«Итака» — явное свидетельство-признание джойсовского следа у Бродского. Хотя откровенных аллюзий на роман в стихотворении нет, соотнесенность устанавливается благодаря множеству совпадений и заглавию: название стихотворения то же, что и название эп. 17 в «Улиссе». Но и в поэтическом мире Бродского в целом есть по крайней мере одно, но очень значимое схождение с художественным миром Джойса. Похоже особенное отношение обоих авторов к водной стихии. Наиболее полно русский поэт выразил свое восприятие водной субстанции в эссе «Fondamenta degli uncurabili» («Набережная неисцелимых», ит.): «Я всегда был приверженцем мнения, что Бог или, по крайней мере, Его дух есть время. Может быть, это идея моего собственного производства. Но теперь уже не вспомнить. В любом случае, я всегда считал, что раз Дух Божий носился над водою, вода должна была его отражать. Отсюда моя слабость к воде, к ее складкам, морщинам, ряби <…>. Я просто считаю, что вода есть образ времени, и под всякий Новый год, в несколько языческом духе, стараюсь оказаться у воды, предпочтительно у моря или у океана, чтобы застать всплытие новой порции, нового стакана времени. Я не жду голой девы верхом на раковине; я жду облака или гребня волны, бьющей в берег в полночь. Для меня это и есть время, выходящее из воды, и я гляжу на кружевной рисунок, оставленный на берегу, не с цыганской проницательностью, а с нежностью и благодарностью» (пер. с англ. Г. Дашевского)[758]. И чуть дальше: «<…> вода тоже хорал, и не в одном, а в многих отношениях Это та же вода, что несла крестоносцев, купцов, мощи св. Марка, турок, всевозможные грузы, военные и прогулочные суда и, самое главное, отражала тех, кто когда-либо жил, не говорю уже — бывал, в этом городе, всех, кто шел посуху или вброд по его улицам, как ты теперь. <…> Чудо, что город, гладя ее по и против шерсти больше тысячи лет, не протер в ней дыр, что она прежняя H2O (хотя пить ее и не станешь), что она по-прежнему поднимается»[759]. Текст для Бродского родствен воде: «<…> предстоящее может оказаться не рассказом, а разливом мутной воды „не в то время года“. Иногда она синяя, иногда серая или коричневая; неизменно холодная и непитьевая. Я взялся ее процеживать потому, что она содержит отражения, в том числе и мое»[760].

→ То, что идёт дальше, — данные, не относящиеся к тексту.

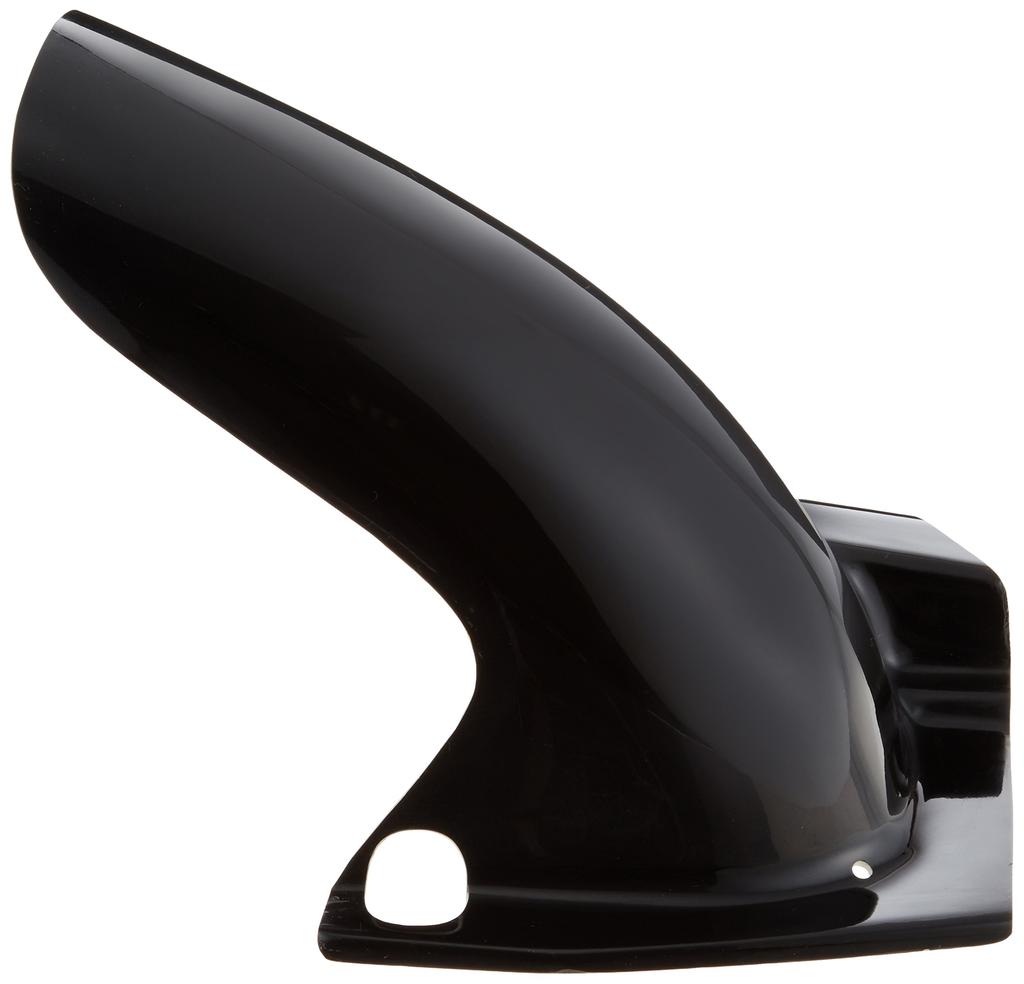 Kijima FRP Inner Rear Black Gel Coat Ape Fender, Finish, 50/100 K105-007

О философской, метафизической символике воды в поэзии и эссеистике Бродского напоминают строки из «Улисса»: «Что в воде восхищало Блума <…>?
Ее универсальность, ее демократическое равенство и верность своей природе в стремлении к собственному уровню <…> неутомимая подвижность ее волн и поверхностных частиц, навещая поочередно все уголки ее берегов; независимость ее частей <…>» (эп. 16)[761].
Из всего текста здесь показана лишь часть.